Edwards earned full professor in 1971 and continued to help build the graduate program as a mentor to many master's and doctoral candidates. He remained a staple in the department's undergraduate program, teaching two required courses to nearly five decades of chemical engineering students. His approach in the classroom left a lasting impression.
"Recently, a man came running up to us downtown and said: ‘I was in your class! You worked the heck out of us, but you were really nice about it," Doris recalls with a chuckle.
"There are a lot of good people that show up at this university. They are motivated, smart and ready to work hard," Edwards explains. "I just tried to give them a few things that were useful, then keep out of their way and let them run…the results were usually outstanding."

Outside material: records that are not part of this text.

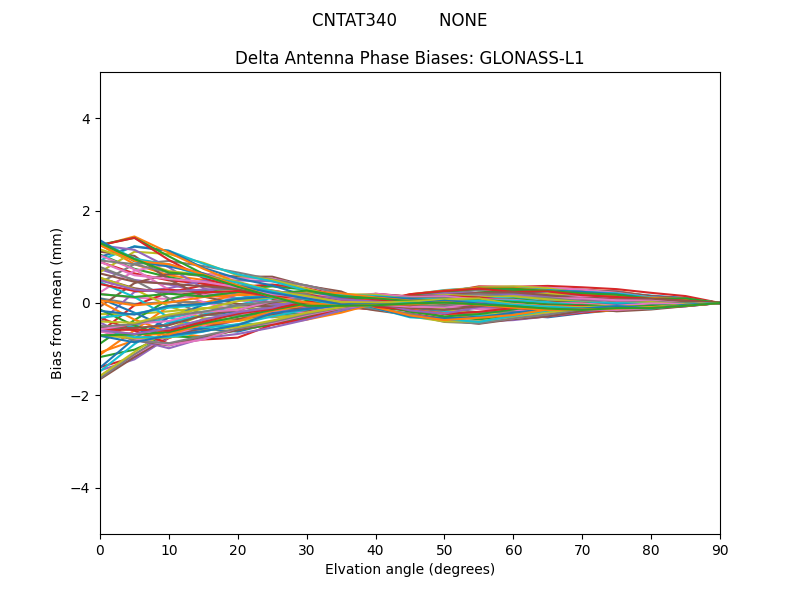 GLONASS-L1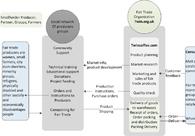 A great web design by Expert webdesigner, Dallas, TX: 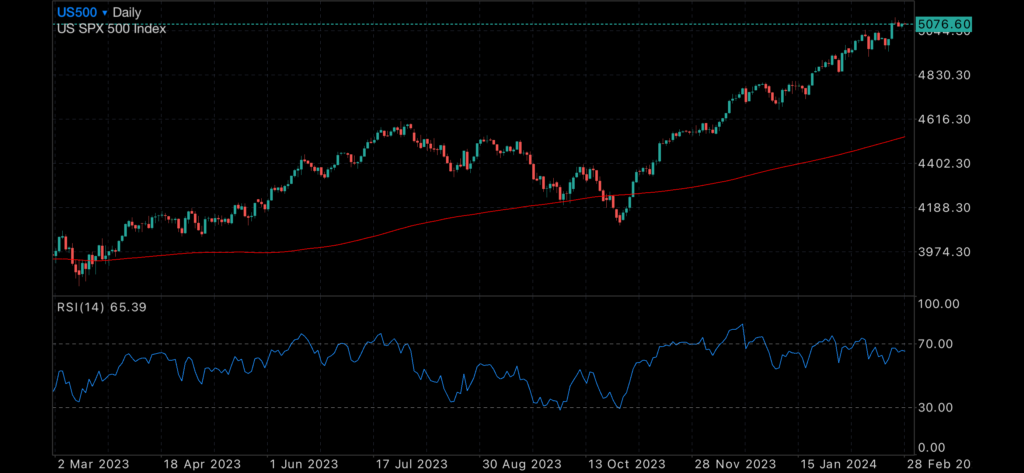 Consumer confidence falls amid political anxiety Consumer confidence falls amid political anxiety Insights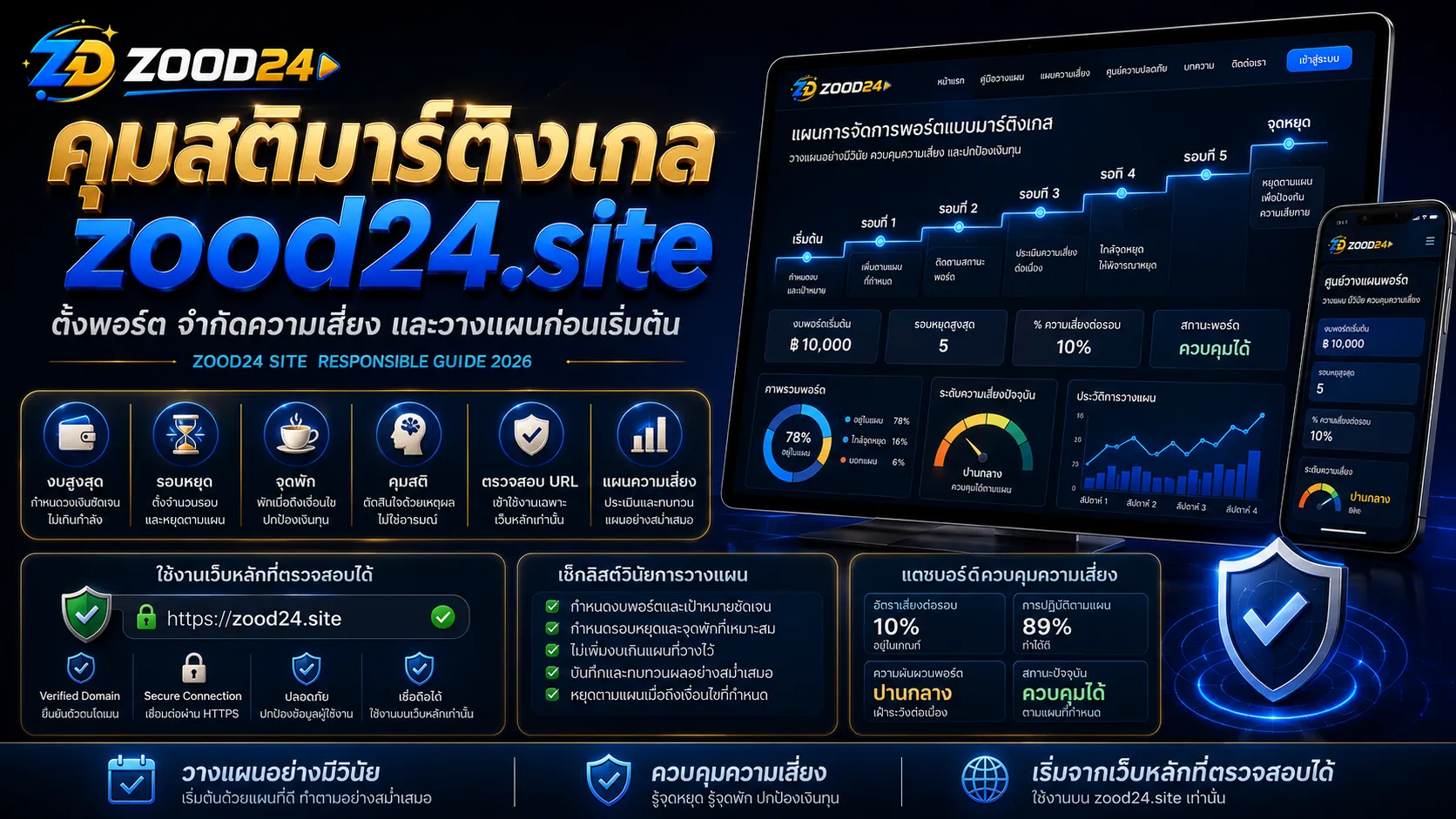 วิธีคุมสติและตั้งพอร์ตมาร์ติงเกลบน zood24.site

Edwards helped produce among the department's most successful alumni. His former students include the president of a thriving process manufacturing software and consulting company, a military officer on a nuclear submarine, high-level executives at global technology companies, and many distinguished researchers and scholars worldwide.
A two-time recipient of the University of Idaho Award for Excellence in Scholarship, Edwards has made many noteworthy contributions to his field. He is an international authority in pulp and paper, authoring nearly 120 publications on the subject and serving as a consultant to more than 30 companies worldwide.
His research and expertise took him across the globe. In 1971, he completed a sabbatical in Sweden and returned repeatedly to the country with students for special research projects. In the 1980s and 1990s, Edwards spent his summers in Italy, where he helped develop a process for turning trash cardboard into new paper rolls.
"The Italians were ahead of the game…they don't have the forests like we have, so they had to be more aggressive about recycling," he says.
In the 1970s, Edwards led the development of a computer software simulation program that became one of the first technologies of its kind in the pulp and paper industry. Today, companies around the world use versions of the program to model and design papermaking processes that are more efficient and environmentally friendly.
"When it came to technology, the paper industry was a little behind," Edwards says. "The people in our department helped bring the industry into the 20th century."
The College of Engineering has created a new endowed chair in honor of Edwards. Named the Lou Edwards Endowed Chair in Chemical Engineering, the fund will support the recruitment and retention of top faculty members who emulate Edwards's excellence in leadership, teaching and research in the field.
"For 50 years, Lou has been inspiring the futures of students and professionals around the world. Our alumni constantly remind me of the positive impact he has made over the years. And in the paper industry, Lou's reputation and that of the University are inseparably linked," said Larry Stauffer, dean of the College of Engineering. "I can think of no better way to recognize his astounding record of service than by creating an endowed chair in his name."